Ao
longo da minha vida profissional tive algumas atitudes que, certas ou erradas,
foram originais.
Nem
sempre foram bem aceites, que Portugal não prima por aceitar algo fora dos canones
convencionais. E, convenhamos, não será muito cordato que um novato quebre
regras. Nem inconsequente.
Mas
quando estamos convictos das nossas razões os argumentos que nos apresentem têm
que ser muito convincentes para nos demover.
Eu
era muito novato, pelo que a história tem já muitos anos. Mas nessa minha
inexperiência algum crédito me fora dado para ser incluído na principal equipa
e colocado a fazer os trabalhos de maior responsabilidade e rigor.
Num
desses trabalhos foi-me pedido que com a minha câmara captasse uma fotografia
impressa, re-enquandrando-a.
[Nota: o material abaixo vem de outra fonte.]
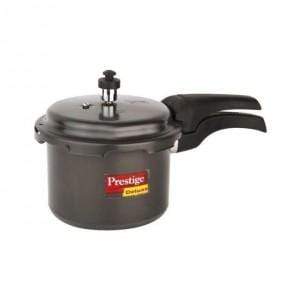 Prestige Deluxe Plus Hard Anodized Outer Lid Pressure Cooker - KITCHEN MART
Reconheci a fotografia e o autor: Man Ray. E o
trabalho que fazíamos não era uma análise ao autor nem ao seu trabalho. A
fotografia seria usada tão só como um elemento do trabalho que fazíamos, sendo
que iria ser truncada selvaticamente.
Recusei.
Ou, se se preferir, cometi o sacrilégio, único, de me recusar a cumprir uma
ordem de um realizador.
E
argumentei: não tínhamos nós o direito de truncar, adulterar, subverter, um
trabalho de autor, tanto mais que os créditos não seriam atribuídos a quem de
direito. E se Man Ray tinha feito aquela fotografia, com aquele enquadramento,
proporções e contrastes, não tínhamos nós o direito de o deturpar.
A
discussão foi feroz. Tanto o realizador como o sénior de câmaras vieram à
conversa, o primeiro a dizer que era assim que ele queria e teria que ser
feito, o segundo a tentar fazer-me ver que a vontade do realizador é sacrossanta
e tem que ser cumprida.
Entendi
que não e mantive-me na minha. Teimoso é o meu nome do meio e entendia que
tinha razão.
Ao
fim de um pedaço, o responsável da área técnica mandou afastar-me dos
trabalhos, sendo substituído por outro operador. E lá destruíram o trabalho
criativo de Man Ray. Mas não com a minha colaboração ou cumplicidade.
Durante
mais de seis meses estive afastado daquele posto de trabalho, meio de castigo,
meio como forma de evitar que repetisse a gracinha de não respeitar ordens de
um realizador, mesmo que fosse para preservar a integridade de uma obra de arte.
Ainda
hoje entendo que tinha razão. A minha juventude de então não estava enganada,
nem nos motivos nem nos métodos. O trabalho de autor não pode, sejam quais
forem as razões usadas (excepto a análise ou critica) ser deturpado, aviltado,
subvertido. Seja na fotografia, na pintura, na música, na literatura, no cinema…
Passados
muitos anos, o realizador em questão, e numa conversa num momento de pausa de
um outro trabalho que fazíamos juntos, recordou o episódio. E disse-me que,
apesar de eu ter razão, o trabalho não poderia ter sido posto em causa. E que
eu deveria ter acatado as instruções, protestando de seguida. Menos ainda vindo
de um novato.
Sorri
e não contestei. Mas, cá por dentro, não mudei uma virgula: Novato ou não, o
trabalho de um autor não pode ser adulterado.
O
que esta fotografia tem a ver com esta história?
Que
é frequente que eu, confrontado com um trabalho arquitectónico, fico na dúvida
se devo ou posso assim o truncar, mostrá-lo parcialmente, excluindo a parte do
todo, fazendo com o meu enquadramento um outro pedaço da realidade que vivemos.
A
única justificação que me dou, nem sempre aceite por mim, é que a arquitectura,
para além do todo, é para ser vivida em cada pedaço, de acordo com o local em
que nos encontramos e a utilização que lhe estamos a dar no momento. E que o
todo raramente é feito para ser apreciado ou usufruído como tal.
Uma
fotografia de um detalhe arquitectónico no lugar de truncar, evidencia o que o
seu autor criou, estando a dar-lhe os créditos que raramente lhe são atribuídos.
Não
sei quem concebeu a estação de Roma-Areeiro, em Lisboa. Mas aqui fica o meu
reconhecimento por esse trabalho e uma feliz conjugação forma-função, dadas as
condicionantes impostas pelo dono da obra e o local onde foi implantada.